26 agreements were signed on Tuesday, the second day of Li’s three-day visit to the UK. Li spent the beginning of his first full day at Windsor Castle for an audience with the Queen before later attending a ministerial summit with Cameron. The annual UK-China summit was attended by ministers from both countries, including Chancellor George Osborne, Foreign Secretary William Hague and Energy Secretary Ed Davey on the British side.
Approximately 200 Chinese business leaders are accompanying Li on his visit to the UK, representing a wide range of sectors including nuclear power, solar power, general environmental engineering, telecommunications and financial services.
Li has stated that he hopes his visit will help to “change misperceptions and misgivings” about China as well as advance business and cultural ties.

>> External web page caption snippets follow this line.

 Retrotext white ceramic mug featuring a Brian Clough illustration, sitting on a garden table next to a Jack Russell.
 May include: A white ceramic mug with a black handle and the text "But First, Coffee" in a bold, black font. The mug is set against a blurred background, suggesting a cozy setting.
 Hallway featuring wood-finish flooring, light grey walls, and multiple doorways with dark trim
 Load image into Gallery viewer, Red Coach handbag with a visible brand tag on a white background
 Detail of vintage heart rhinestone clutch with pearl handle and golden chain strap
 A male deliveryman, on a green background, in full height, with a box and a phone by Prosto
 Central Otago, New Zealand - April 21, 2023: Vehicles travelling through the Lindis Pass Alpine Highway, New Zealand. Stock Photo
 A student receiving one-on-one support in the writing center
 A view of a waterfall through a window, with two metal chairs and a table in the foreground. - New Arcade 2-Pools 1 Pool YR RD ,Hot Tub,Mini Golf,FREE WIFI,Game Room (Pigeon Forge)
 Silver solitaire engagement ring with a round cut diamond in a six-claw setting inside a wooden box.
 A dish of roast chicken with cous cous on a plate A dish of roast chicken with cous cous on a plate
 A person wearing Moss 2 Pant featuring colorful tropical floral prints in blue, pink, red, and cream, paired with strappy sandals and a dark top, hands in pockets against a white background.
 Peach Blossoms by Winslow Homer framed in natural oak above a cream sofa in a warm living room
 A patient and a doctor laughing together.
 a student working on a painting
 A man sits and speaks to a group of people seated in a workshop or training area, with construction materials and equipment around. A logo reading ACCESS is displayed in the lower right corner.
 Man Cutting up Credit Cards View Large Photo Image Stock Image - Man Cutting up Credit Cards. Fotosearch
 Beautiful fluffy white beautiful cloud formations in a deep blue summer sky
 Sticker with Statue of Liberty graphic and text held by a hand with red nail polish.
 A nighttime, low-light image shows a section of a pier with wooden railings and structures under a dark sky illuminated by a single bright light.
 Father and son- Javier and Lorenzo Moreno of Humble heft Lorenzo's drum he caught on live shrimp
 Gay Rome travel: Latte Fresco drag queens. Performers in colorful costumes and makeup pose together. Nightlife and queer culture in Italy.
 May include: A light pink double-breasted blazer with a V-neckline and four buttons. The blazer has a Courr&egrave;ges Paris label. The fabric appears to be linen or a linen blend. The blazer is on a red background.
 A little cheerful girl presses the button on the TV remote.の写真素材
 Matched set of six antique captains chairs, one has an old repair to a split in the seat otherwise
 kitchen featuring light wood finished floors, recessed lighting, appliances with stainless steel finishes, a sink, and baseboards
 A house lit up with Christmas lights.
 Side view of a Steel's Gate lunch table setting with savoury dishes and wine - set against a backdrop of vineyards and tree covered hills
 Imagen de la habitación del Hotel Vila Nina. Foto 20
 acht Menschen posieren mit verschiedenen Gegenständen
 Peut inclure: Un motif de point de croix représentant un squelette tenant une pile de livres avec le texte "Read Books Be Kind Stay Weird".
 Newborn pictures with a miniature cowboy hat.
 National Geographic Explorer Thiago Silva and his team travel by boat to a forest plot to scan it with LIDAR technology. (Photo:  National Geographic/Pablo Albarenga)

The two countries’ economic relationship is flourishing, with two-way trade reaching US$70 billion in 2013. Among EU nations, Britain is China’s third largest trading partner and second largest source of investment.Chinese investment into the UK is also booming, with more investment in the past 18 months than in the previous three decades. China invested approximately US$13.6 billion in the UK in the 2013-14 fiscal year.
Both sides adopted a pragmatic approach to the visit, putting aside controversial political topics in favor of discussing a range of possibilities for cooperation, including nuclear power, finance, high-speed railways and climate change. Along with signing trade deals worth approximately US$24 billion, the two sides also set a two-way trade target of US$100 billion by the end of next year.
Among the British companies which landed deals with China were BP and Royal Dutch Shell. BP signed a US$20 billion deal to supply China National Offshore Oil Corporation (CNOOC) with up to 1.5 million tons of liquefied natural gas (LNG) per year starting in 2019. BP, which already supplies CNOOC with LNG from Indonesia, expects to supply LNG from its global portfolio.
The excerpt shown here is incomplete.